Aside from adsorbed gases, there are potential leaks in any vacuum system that must be dealt with or a viable vacuum cannot be created. Leaks and leak detection are dealt with in Sec. 7.6.

7.2.8 Gas Flow

As one is trying to remove the various gases from a vacuum system, whether the system is a bell jar or a complex collection of tubing with valves or stopcocks all interconnected, the gases must pass through tubing of various types and sizes between the system, the pumps, and the outside world. Depending on the size of the connecting tubing, the length of the tubing, and the vacuum at any time, there can be significant performance changes throughout the system. This all has to do with how gases flow through tubing of different sizes and at different pressures.

There are three basic types of gas flow: turbulent, viscous, and molecular. The type of flow passing through a given system is dependent on both the mean free path (MFP) of the molecule(s) and the diameter of the container (tube) through which they are flowing. A useful formula when talking about MFP is the Knudsen number (Kn), defined in Eq. (7.6).

When a system is first brought into vacuum conditions from atmospheric pressure, the flow is turbulent (see Fig. 7.3) and is not unlike the chaos seen in whitewater rapids. At this time, the MFP is approximately 9x10-7 cm, which is considerably smaller than any tube the gas is likely to pass through. The great preponderance of interactions (that is, when a gas atom or molecule interacts with something else) are gas-gas, which means there is a greater likelihood that a molecule of gas will hit another molecule of gas than it will hit a wall.

As the pressure decreases, the next type of flow transition is called viscous flow. The nature of this flow is complex and is dependent on flow velocity, mass density, and the viscosity of the gas. Viscous flow is similar to the flow of water running down a slow, calm stream-the flow is fastest through the center of the tube, while the sides show a slow flow and there is zero flow rate at the walls (see Fig. 7.4). The gas interactions in viscous flow are gas-gas and gas-wall; in other words, a molecule is equally likely to hit a wall than another molecule.

When Kn of the system is <0.01, the flow is probably viscous. The transition between viscous and molecular flow is fairly straightforward: When 1 > Kn > 0.01, the flow is in transition to molecular flow; when 1 < Kn, there is a molecular flow.

Fig. 7.5 When the mean free path is fairly short (relative to the inside diameter of its container), a gas molecule to more likely hit another gas molecule than the walls of the container. This situation is known as a gas-gas interaction.

Fig. 7.6 When the mean free path is longer than the diameter of the container of the gas, gas-wall interactions will predominate and you will have molecular flow.

Typically, the first phase of molecular flow is gas-gas. That is, a molecule or atom is more likely to interact with another molecule or atom than the wall (see Fig. 7.5). As the pressure continues to drop and the mean free path increases, gaswall interactions become the predominant type of gas flow.

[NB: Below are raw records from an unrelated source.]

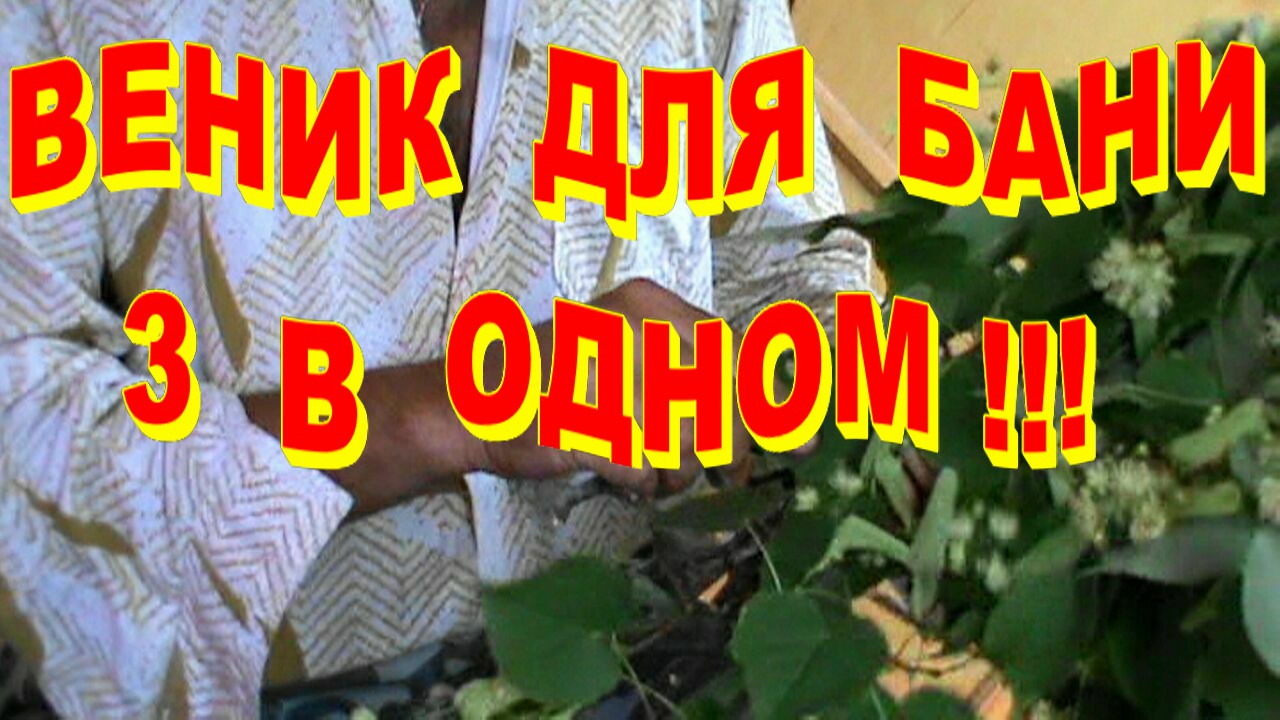 ЛУЧШИЙ веник для  бани  ИЗ ЛИПЫ  3  В  ОДНОМ  ! Как связать веник для бани !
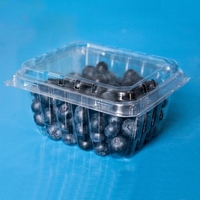 Boîte d'emballage de fraises en plastique transparent, écologique, ventilé, personnalisé, 250g 500g, fruits frais, récipient à clapet, poinçons rpet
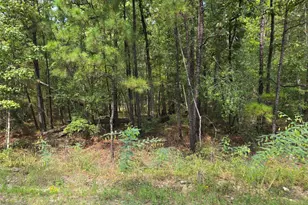 0123 Ashridge Dr, Brookeland, TX 75931 - Photo 1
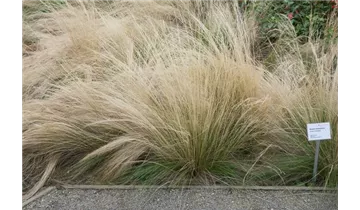 Gartenbaumschule Becker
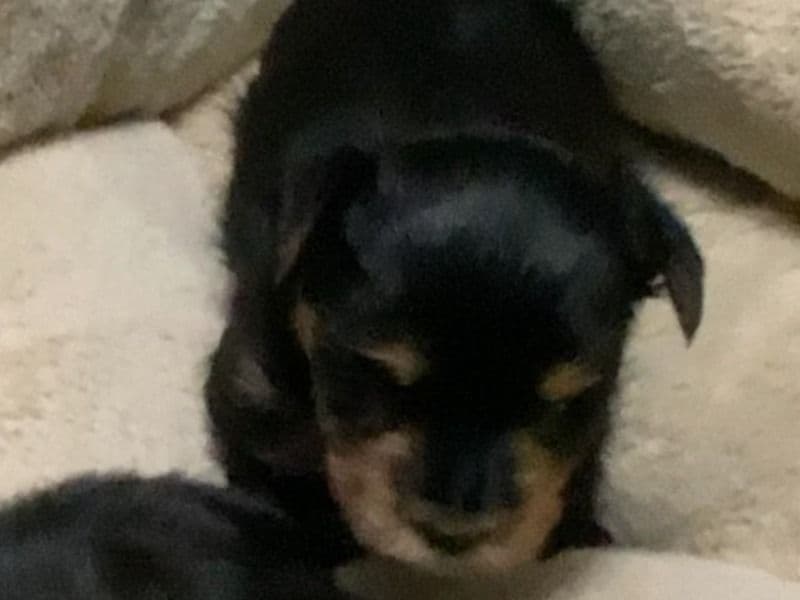 Yorkshire Terrier 2 months old female small named Zoey for adoption in Claiborne County, Tennessee | Petmeetly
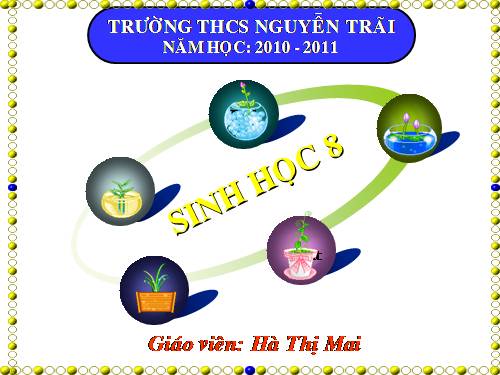 Bài 25. Tiêu hóa ở khoang miệng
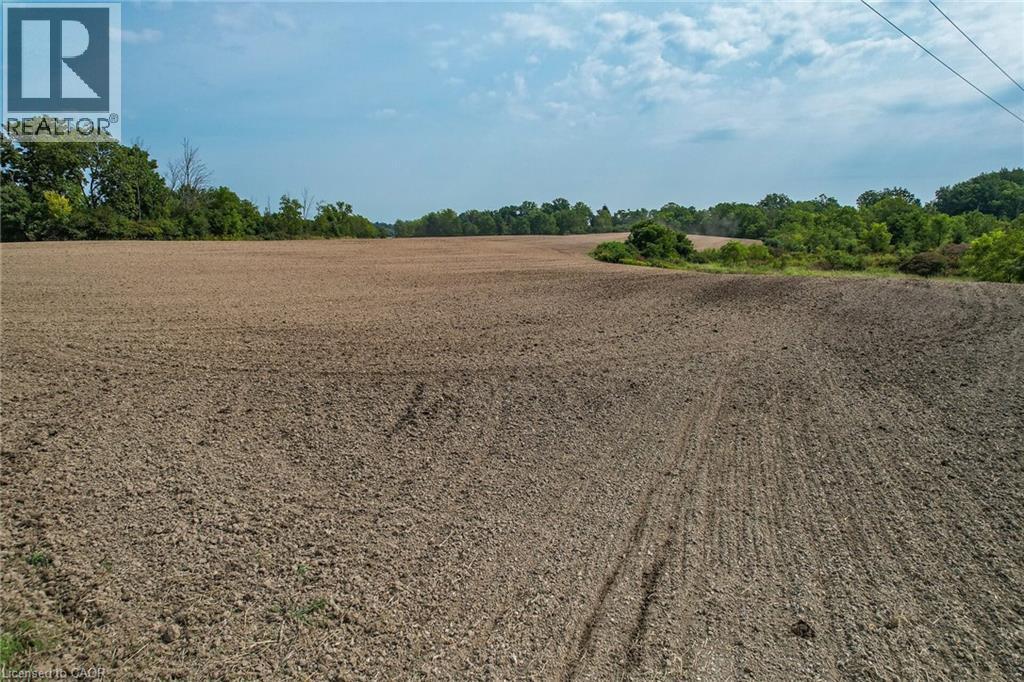 Pt Lt 23 River Road, Cayuga, Ontario  N0A 1E0 - Photo 21 - 40820689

One of the more interesting characteristics of gas-wall interactions is that not only are the gas reflections not specular (mirror-like), but the molecule or atom may go back into the direction that it once came from (see Fig. 7.6). This bounceback is partly because, at the molecular level, wall surfaces are not smooth but very irregular. In addition, there is likely to be a time delay from the time a molecule hits a wall to the time it leaves the same wall. At the molecular level, when a molecule hits a wall surface, instead of reflection (like a billiard ball), the process is more likely to be adsorption (condensation). When the molecule leaves a wall surface, the process is desorption (evaporation), thus explaining why there is the random movement and time delay for molecular reflection.

The gross movement of molecules in a high-vacuum state is a statistical summation of the parts. For example, say you have two containers that are opened to each other through a small passageway (see Fig. 7.7). One of them (A) is at 10-3 torr and the other (B) is at 10-5 torr. The movement of molecules in both is completely random, but the net movement will be from A to B. There will be molecules from B that will find their way into A, even though the pressure is greater in A. But again, the net molecular movement will be from A to B. Once the net pressure of 10-4 torr is achieved, there will still be movement between the two containers. Eventually, according to the first principle of gases presented earlier, there will be the same number of molecules in B as in A. There will always be a greater number of A molecules than B molecules, but the number of molecules on either side of the system will eventually be the same.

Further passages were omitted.